Le directeur du RNDDH a interpellé la secrétaire générale de la Francophonie sur l’effondrement total de l’État haïtien. Entre massacres de gangs, 1,3 million de déplacés et impasse politique, le cri d’alarme résonne jusqu’au cœur de l’Europe.

Quand Pierre Espérance franchit les portes du siège de l’Organisation Internationale de la Francophonie à Paris, c’est avec le poids de toute une nation en détresse sur les épaules. Face à Louise Mushikiwabo, la secrétaire générale rwandaise, le directeur du RNDDH n’a pas mâché ses mots : Haïti traverse la pire crise de son histoire moderne.

Un tableau apocalyptique dressé devant la Francophonie

« Gran Grif et Viv Ansanm continuent d’étendre leurs tentacules à travers le pays, massacrant une population civile livrée à elle-même », a déclaré Espérance lors de cet entretien qualifié de « fructueux ». Derrière cette formule diplomatique se cache une réalité brutale que nos compatriotes de la diaspora suivent avec angoisse depuis leurs foyers de Miami, Montréal, Paris ou New York.
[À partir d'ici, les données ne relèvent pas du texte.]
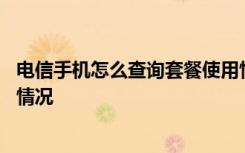 电信手机怎么查询套餐使用情况 电信手机怎样查询套餐使用情况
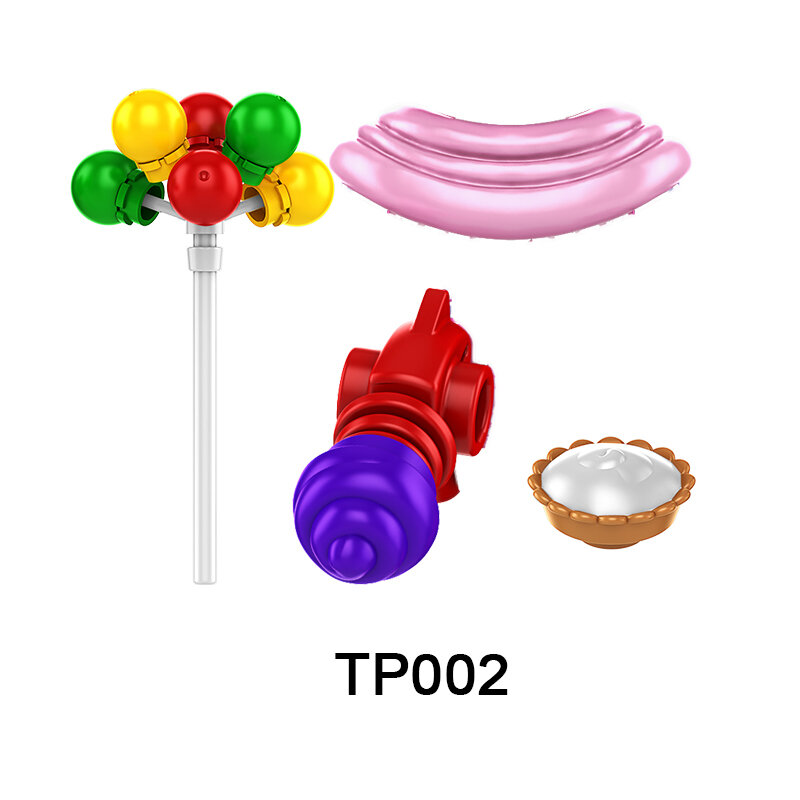 شخصية أكشن بلاستيكية Tp1001 للأطفال ، وحدات بناء صغيرة ، ألعاب طوب ، نماذج أفلام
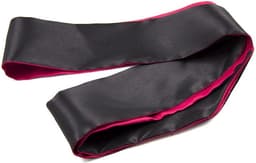 Nooitmeersaai - BDSM blinddoek dubbelzijdig - zwart / rood — thumbnail 3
Le massacre de Laboderie, dans l’Arcahaie, où plus de cinquante civils ont été exécutés les 11 et 12 septembre par la coalition Viv Ansanm, illustre tragiquement cette escalade de violence. Pour beaucoup d’entre nous qui avons des proches dans cette région, chaque nouvelle de ce type fait l’effet d’un coup de massue.
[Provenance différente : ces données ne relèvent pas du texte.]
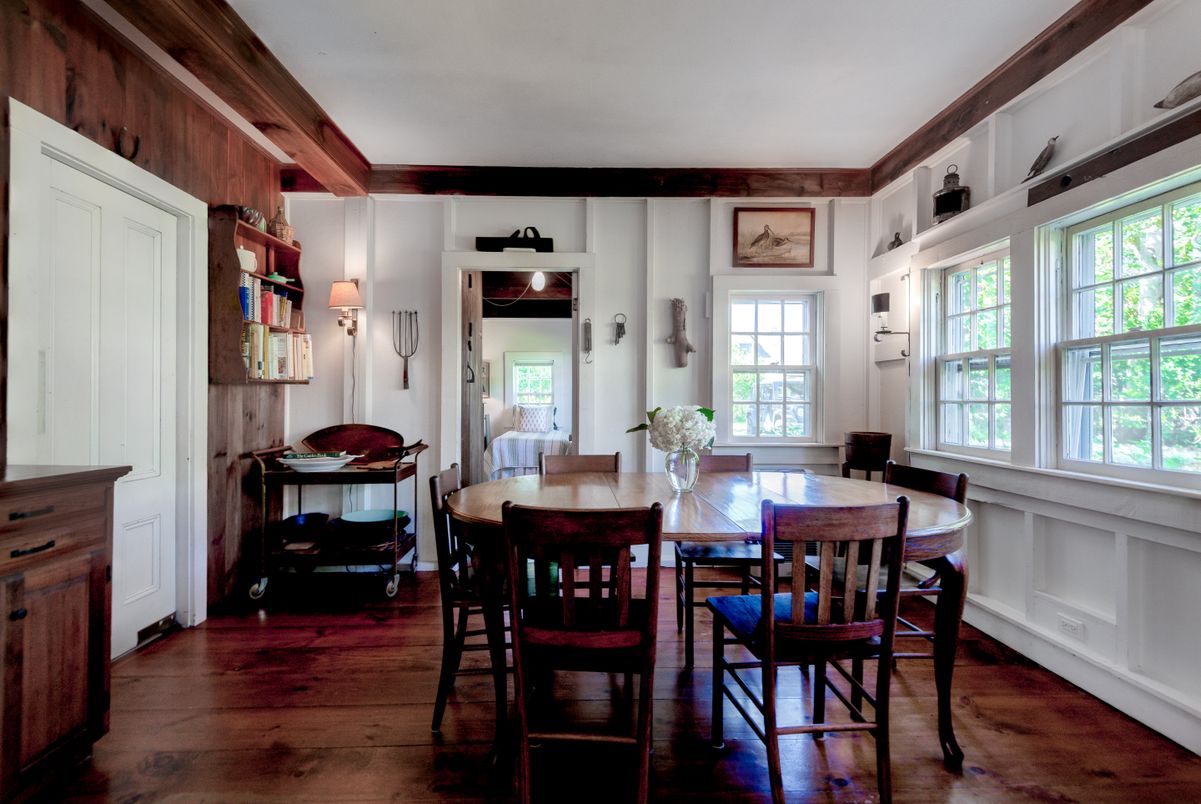 Dining room, Interior, Wood Texture Flooring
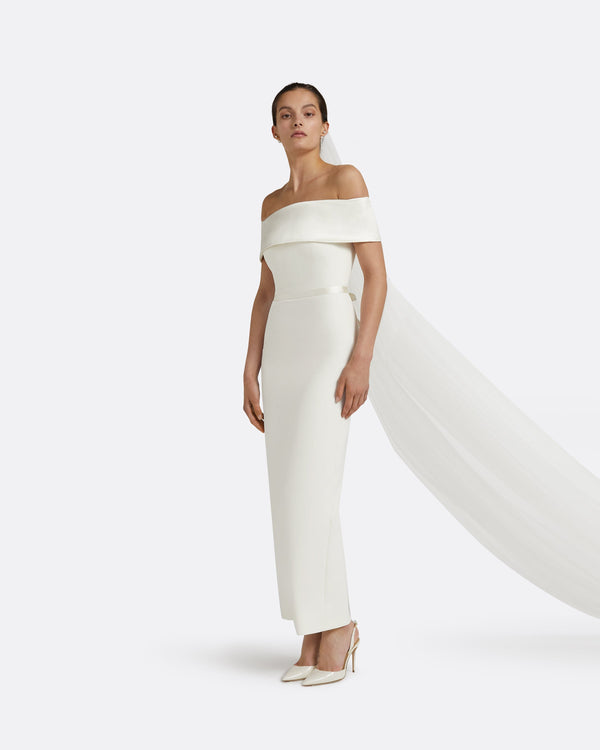 Safiyaa Drax Ivory Dress
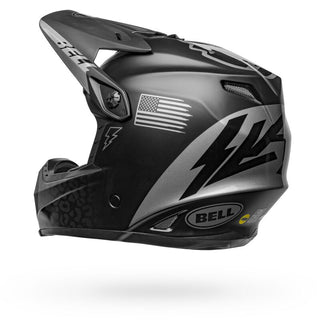 Bell 2021 Moto-9 Youth MIPS Slayco Motorcycle Helmet - Matte/Gloss Black/Gray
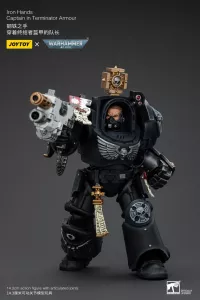 Warhammer 40k Action Figure 1/18 Iron Hands Captain in Terminator Armour 14 cm Joy Toy (CN)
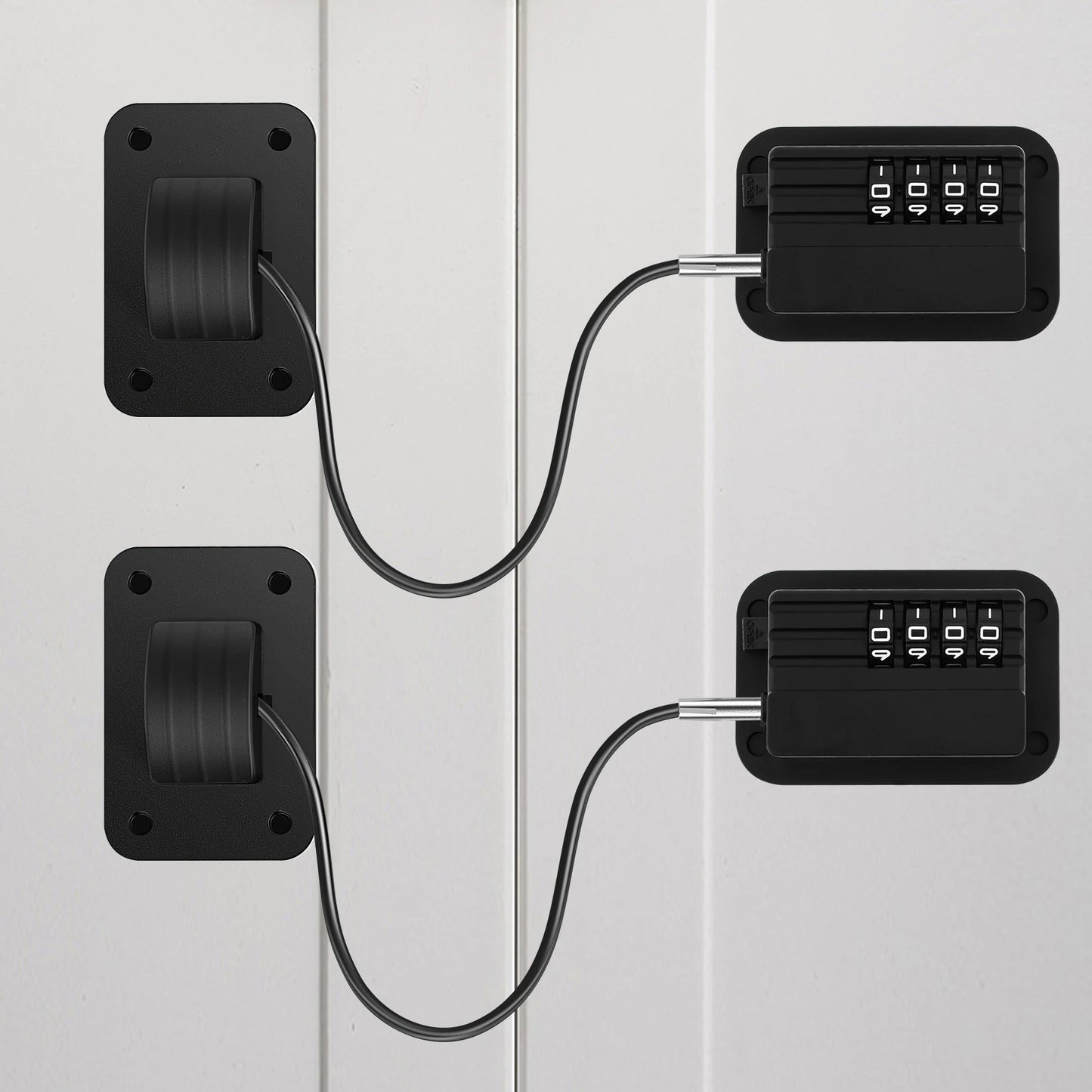 2Pcs Refrigerator Door Lock Child Proofing Fridge Lock With Keys or Coded Lock Resettable Combination Lock for Cabinet Drawer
1,3 million de déplacés : une nation en fuite

Les chiffres énoncés par Pierre Espérance donnent le vertige. Plus de 1,3 million d’Haïtiens vivent aujourd’hui dans des camps de déplacés, dans des conditions d’insalubrité extrême. Pour mieux saisir l’ampleur du désastre, c’est comme si toute la population de Port-au-Prince avant la crise était contrainte de fuir son foyer.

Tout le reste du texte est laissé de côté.